Step back in time and explore the deeply moving musical traditions of enslaved Africans in America, led by superstar soprano Kathleen Battle and legendary jazz pianist Joel Martin.
Battle and Martin will be joined by The Oakwood University Aeolians from Huntsville for “A Spiritual Journey: Music from the Underground Railroad” on Friday, Oct. 16, presented by the University of Alabama at Birmingham’s Alys Stephens Performing Arts Center.
This once-in-a-lifetime performance is set for 8 p.m. in the ASC’s Jemison Concert Hall, 1200 10th Ave. South. Tickets are $37, $57 and $77. A limited number of $25 tickets for UAB faculty and students are available. Call 205-975-2787 or visit www.AlysStephens.org.

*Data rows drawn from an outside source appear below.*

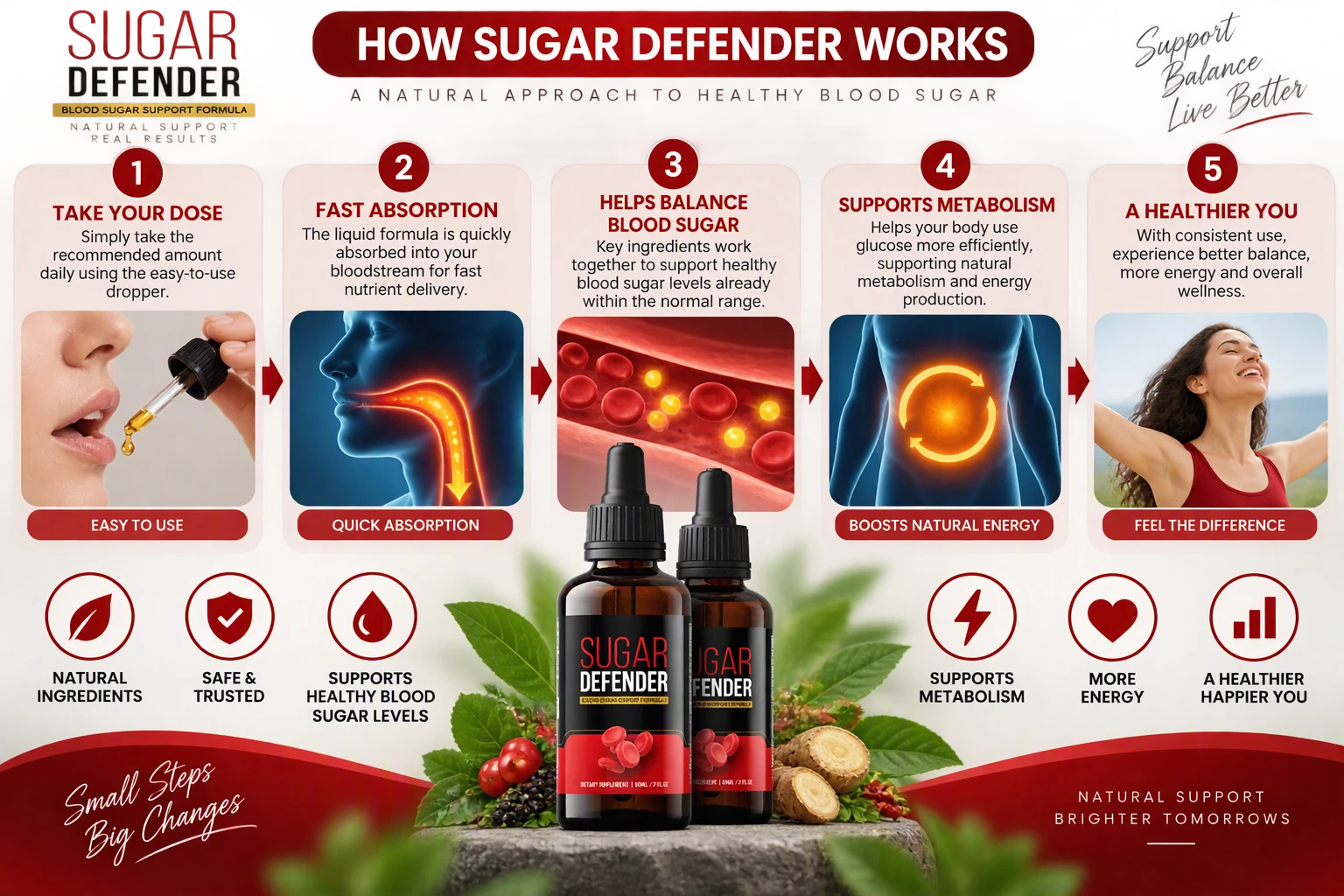 How Sugar Defender works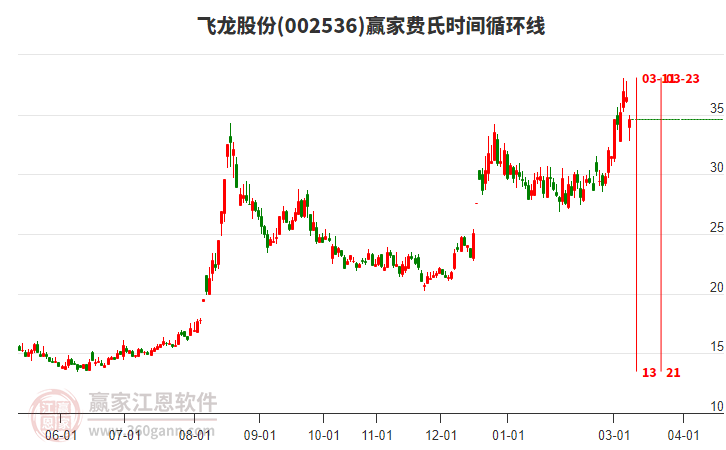 002536�����ɷݷ���ʱ��ѭ���߹���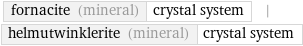 fornacite (mineral) | crystal system | helmutwinklerite (mineral) | crystal system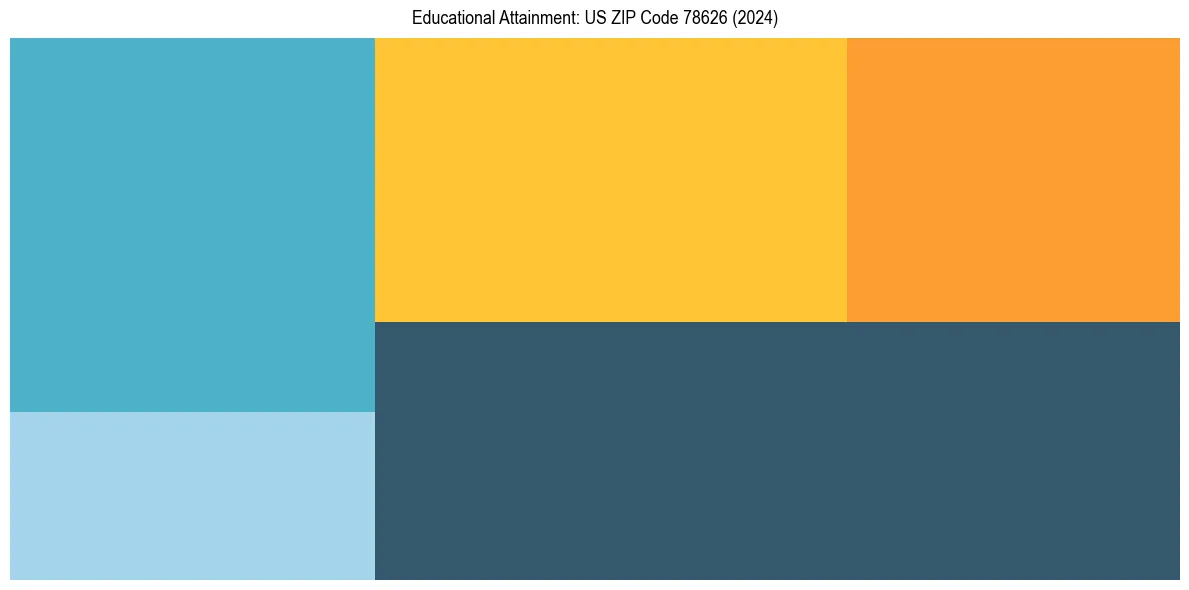 Education Treemap for  in 2024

A special, free pre-concert talk is scheduled for 6:30 p.m. Chair of the Morehouse College Department of Music and respected educator and lecturer on African-American music Uzee Brown Jr., Ph.D., will speak on “The Negro Spiritual and the Underground Railroad.”
For this remarkable evening, Battle will take a break from the European vocal tradition she commands so brilliantly to lend her pure voice to the interpretation of soul-stirring Negro spirituals. With the Oakwood University Aeolians Choir, Battle will awe and inspire the audience with favorite spirituals, including “Go Down, Moses,” “Swing Low, Sweet Chariot,” “Fix Me, Jesus” and “Balm in Gilead,” and will display the purity of her vocals on an a cappella rendering of “Were You There?” Sponsors of this performance include Alabama Power Co., Alabama State Council on the Arts, Honda Manufacturing of Alabama, The Links Inc., Birmingham Chapter, VIVA Health and WBHM.
At a rare performance of this program in 2014, CBS Philly says Battle’s heart is in her work with these powerful, gripping songs, and quotes her as saying, “There wasn’t a spiritual that I’ve ever heard that I didn’t want to make my own. I may not have sung it, but it lives within me.”
Battle is a fixture on the stages of the world’s leading opera houses, and this will be a unique opportunity to see the five-time Grammy-winning soprano perform in Birmingham. Do not miss an amazing opportunity to embark on a rare musical journey led by a voice The Washington Post called “... without qualification, one of the very few most beautiful in the world.”